• **Exercise objective**
Extract every line between the one with "ZWILLING détail manche" and the end of the entries, both included, word for word and free of pictures.

Image-text web data:
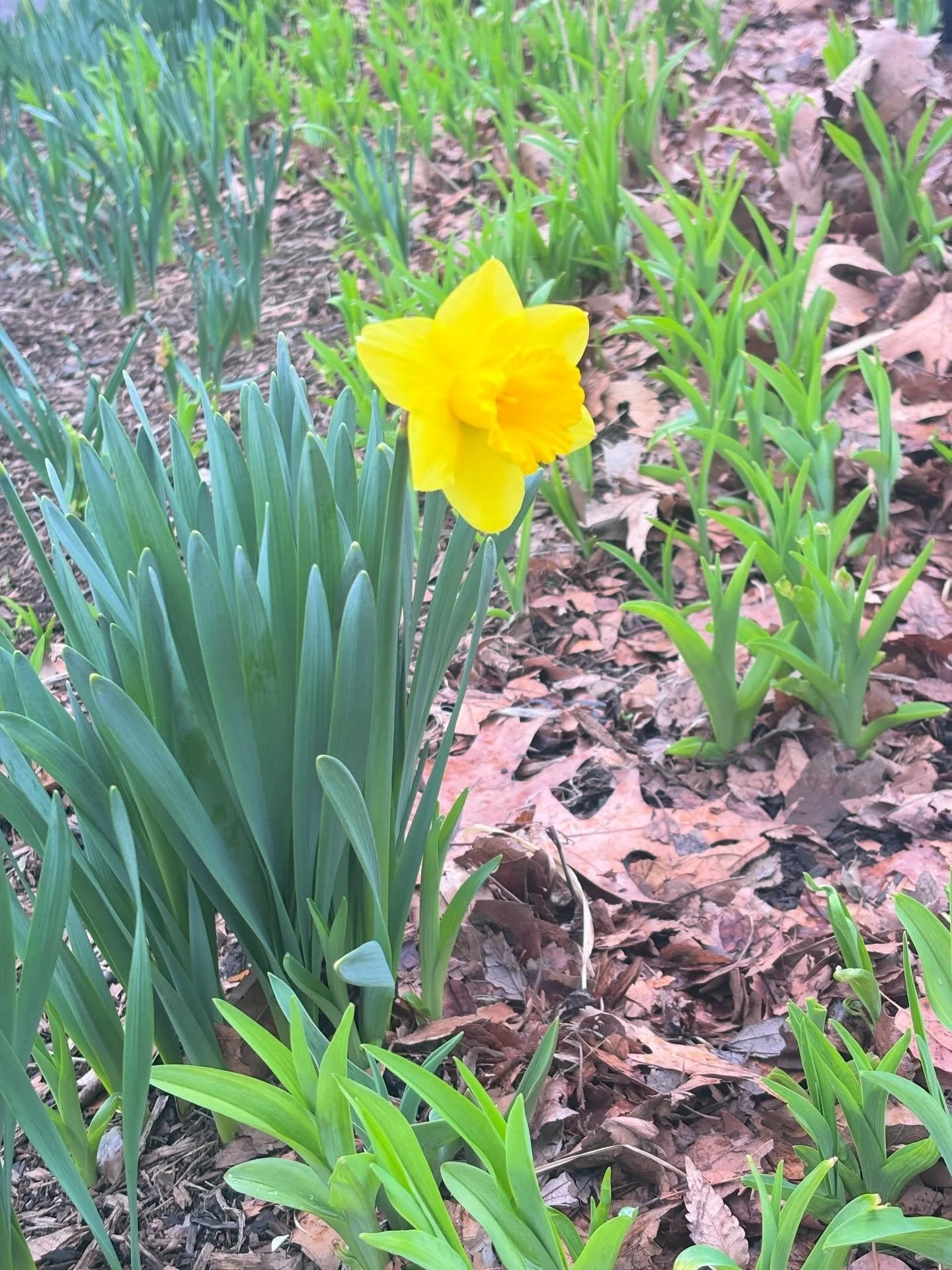 First daffodil bloom in the park 🌼💙💚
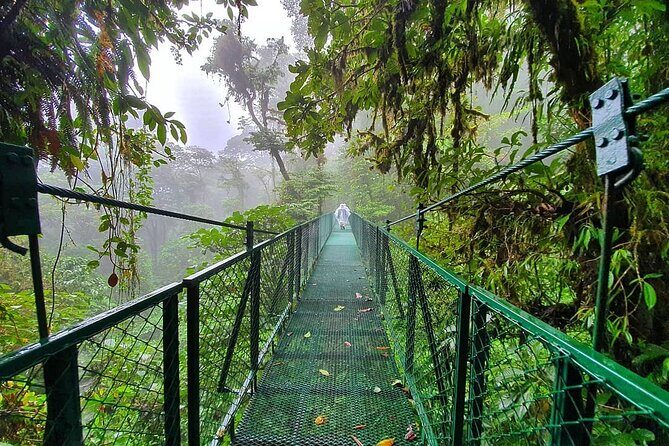 Monteverde Cloud Forest Hanging Bridges Guided Walk - Key Points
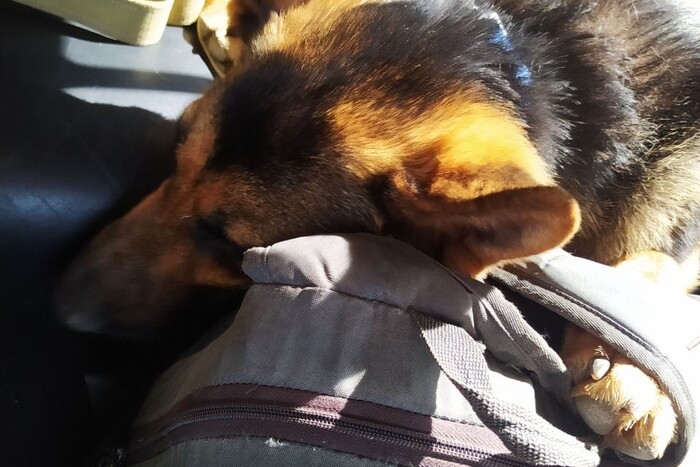 Не пустили в евакуаційний автобус: херсонець три дні йшов пішки до Одеси зі своїм собакою
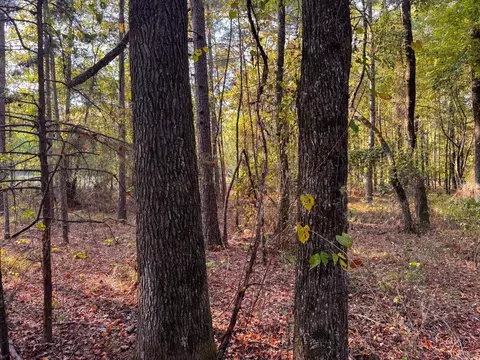000 Cash Rd, Rison, AR 71665 photo 41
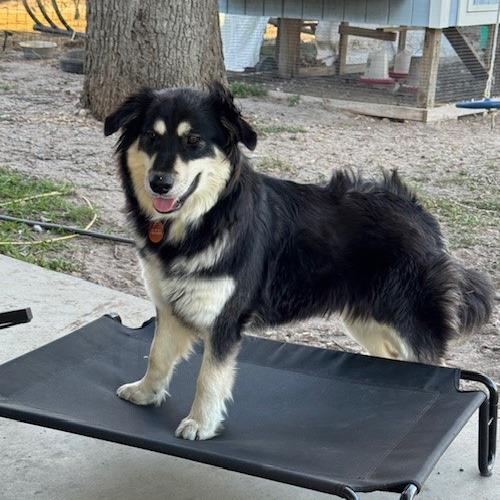 Wella 26-03-004, a Adoptable mixed breed in Bastrop, TX image 2/6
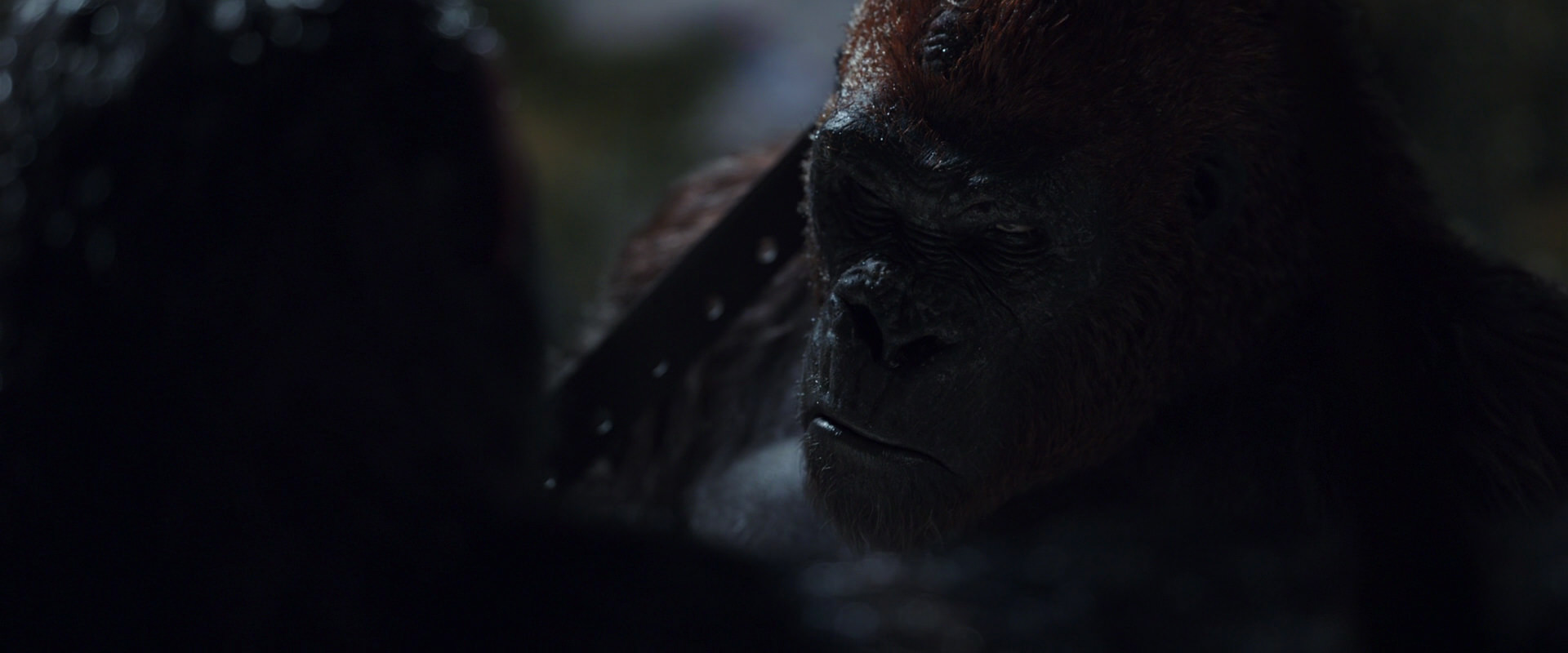 War for the Planet of the Apes (2017) screencap 8895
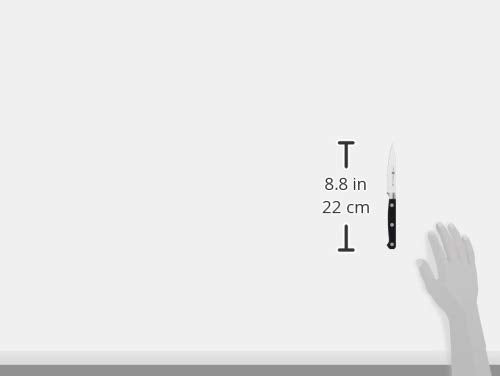 ZWILLING détail manche trois-rivets offrant prise ergonomique sûre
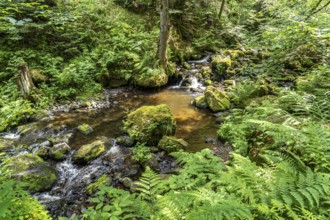 In the Ravenna Gorge near Breitnau, Black Forest, Baden-Württemberg, Germany, Europe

• **Response box**
 ZWILLING détail manche trois-rivets offrant prise ergonomique sûre
 In the Ravenna Gorge near Breitnau, Black Forest, Baden-Württemberg, Germany, Europe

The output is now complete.